Pulse shape discrimination (PSD) of organic scintillators involves subtle physical phenomena which give rise to the delayed luminescence characteristic of neutrons, providing a means of distinguishing neutrons from the preponderance of prompt luminescence arising from background gamma interactions. The mechanism by which this occurs begins with intersystem crossing (ISC), where the excited singlet state (SI) nonradiatively relaxes to the excited triplet (T), as shown in FIG. 1. In FIG. 1, the basic physical processes leading to the delayed fluorescence characteristic of neutron excitation of organics with phenyl groups is shown.
Since the triplet is known to be mobile in some compounds, the energy migrates until two triplets collide and experience an Auger upconversion process, shown as Equation 1:Ti+T1→S0+S1   Equation 1
In Equation 1, T1 is a triplet, S0 is the ground state, and S1 is a first excited state. Finally, the delayed singlet emission occurs with a decay rate characteristic of the migration rate and concentration of the triplet population, which is represented as Equation 2:S1→S0+hv   Equation 2
In Equation 2, hv is fluorescence, while S0 is the ground state and S1 is a first excited state. The enhanced level of delayed emission for neutrons arises from the short range of the energetic protons produced from neutron collisions (thereby yielding a high concentration of triplets), compared to the longer range of the electrons from the gamma interactions. The resulting higher concentration of triplets from neutrons, compared to gamma interactions, leads to the functionality of PSD. The observation of PSD is believed to be in part related to the benzene ring structure, allowing for the migration of triplet energy.

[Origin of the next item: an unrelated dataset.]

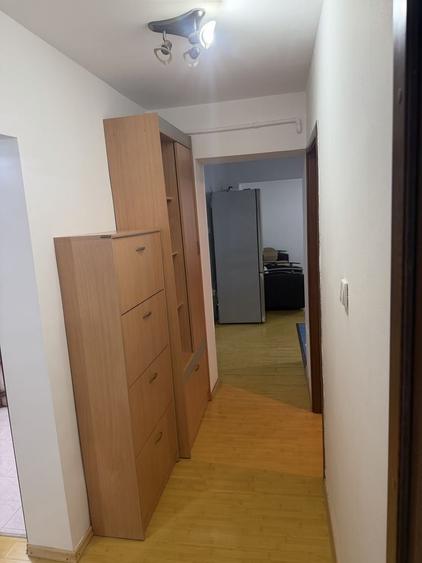 Apartament cu 3 camere decomandat în Exterior Vest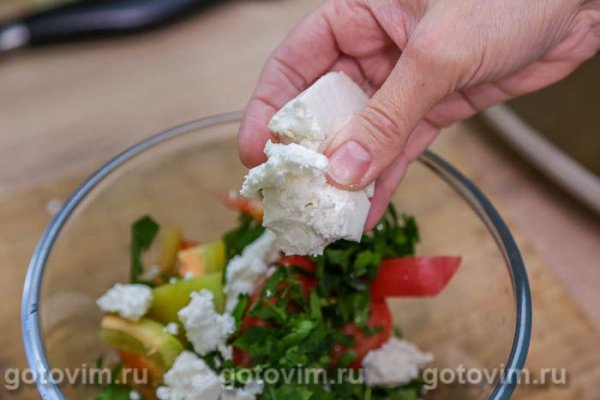 Овощной салат с адыгейским сыром и сванской солью Овощной салат с адыгейским сыром и сванской солью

It is generally accepted in the prior art that stilbene offers good PSD. However, stilbene is notoriously difficult to obtain due in part to its standard formation by melt growth. It is presently believed that the expensive melt growth process is a superior process able to create large enough crystals for use as large-crystal scintillators, e.g., in single-crystal radiation detectors, etc. The limited availability of stilbene and other melt grown crystals coupled with their high cost presents a serious challenge to radiation detector development.
Accordingly, it would be beneficial to grow organic scintillator crystals, including stilbene and other types of crystals, using solution growth, which should thereby increase access to such materials as well as significantly reduce their cost.